In some cases, those service profiles might be entirely complementary (e.g. send my orders here, send my invoices here, send payments here with three different providers).  In those cases, there would need to be some mechanism for a third party wishing to interact with that user to retrieve a “composed profile” including the various available services and their corresponding endpoints (through different service providers).  In some other cases, however, conflicts may arise where two of those profile records from different providers overlap.  Resolving this requires an answer to the question: “which service provider should be used to interact with you for this specific process?”.

 

At least in this email case, I see at least two potential scenarios. 

 

1.       As with a domain registration, the first service provider becomes THE SOLE registrar and manager of the profile associated with that user (here, an email address).  Subsequent registration requests from third parties (i.e. new service providers) would need to follow an agreed protocol to either:

a.       Transfer control of the entire profile record to the new provider/registrar, or

b.      Negotiate inclusion/composition of the new provider’s proposed profile records with the existing profile.  This would be easy in the ‘no overlap’ case, but potentially problematic where there was an overlap.  This problem could be mitigated by having providers submit profile update requests in logical groupings to be accepted or rejected in toto based on whether there was an overlap or not.  Best practice / governance agreements could require that service providers present those options to users, rather than just rejecting requests from what might be, in some cases, competitive service providers.

 

2.       Alternatively, the profile registrar might maintain a relationship with the user separate from that of the service provider who generated the original registration (via distribution agreements and perhaps with appropriate service branding to the end user).  Profile change requests from new service providers would need to be handled as described above.  But for the registrar entity concerned, this profile maintenance role would a core part of their business, as distinct from the provider focused on provision of services for which publication of the profile is a means to an end.

 

The first of these seems closer to today’s domain registrar model.  However, in business terms, it seems likely that most service providers would not want to take on the burdens and obligations that would go along with being a registrar, i.e. profile management, negotiating profile updates from third party providers etc.  So this model seems to me more plausible, at least as an end-state.

 

The case described so far discussed profile creation/registration tied to an email address.  However, we can extend this framework in a couple of ways to enable incrementally greater levels of trust in a published profile.  Just to mention briefly a few of those notions:

 

1.       “Locking” of profile governance at higher levels, a notable example being of “locking” at the “domain.tld” level to govern “email@domain.tld” profiles.

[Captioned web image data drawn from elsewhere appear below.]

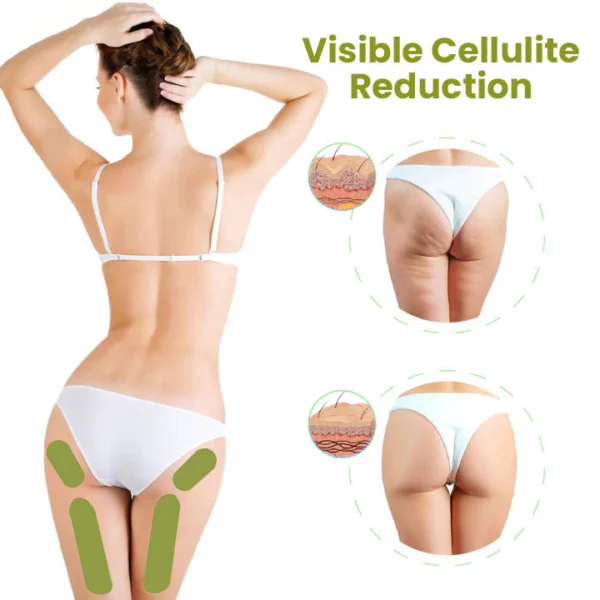 Oveallgo™ Ex HerbalFirm Cellulite Vermindering Pleisters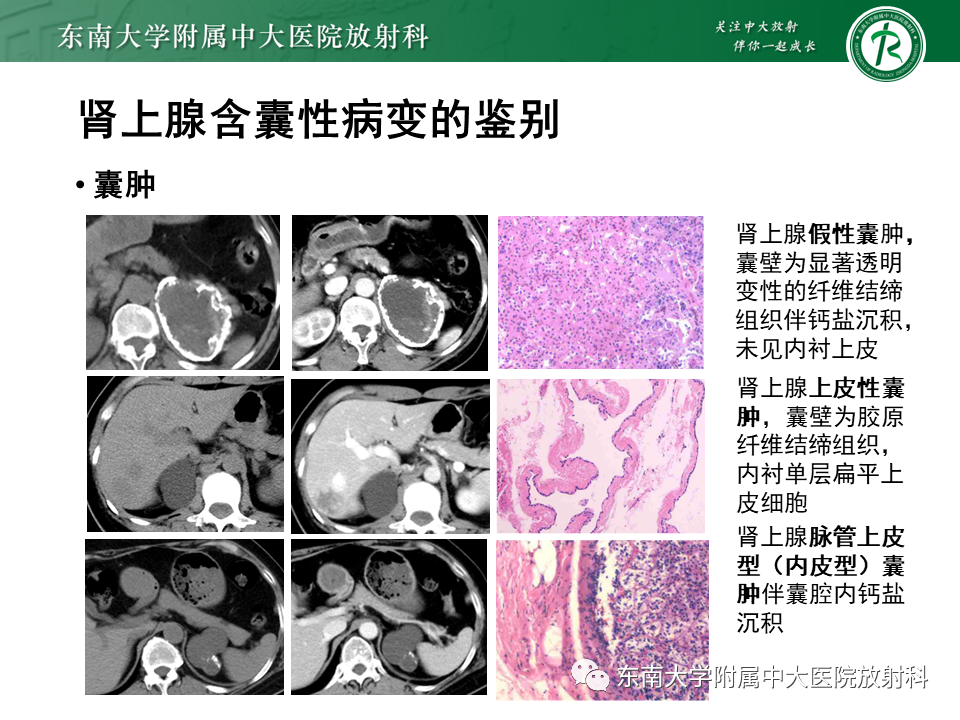影像PPT - 【PPT】肾上腺占位病例随访-23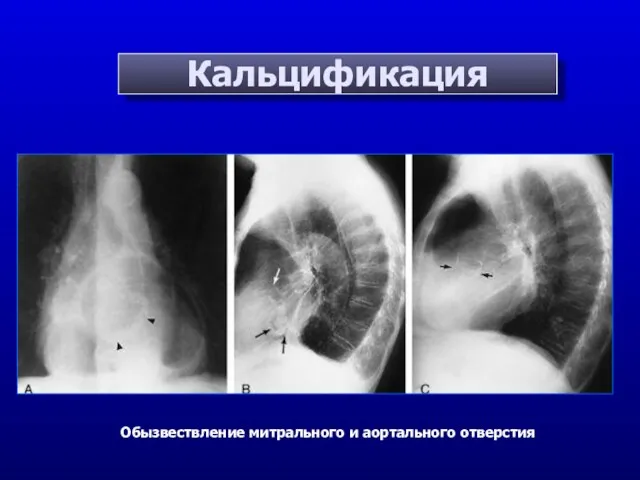 Кальцификация Обызвествление митрального и аортального отверстия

2.       “Verified Association” of a single profile with multiple identities (e.g. company identifiers, bank accounts), where a USER ACCESS AND ACTION is required to verify and authenticate the association (e.g. an email approval link sent to a domain’s listed administrator; verification of bank account access by confirmation of the amounts of small test transfers)

3.       “Anchoring” to a trusted identity (a subset of associating), where an explicit CHANGE is required in the trust anchor system to designate trust in the profile by pointing to it from an existing public record associated with that trusted identity.  A notable case here would be of a change to an organization’s regular domain or subdomain DNS record to point to the profile.

 

There’s doubtless more to say about the various scenarios I’ve touched on here, but this seems like a long enough email on the topic for now.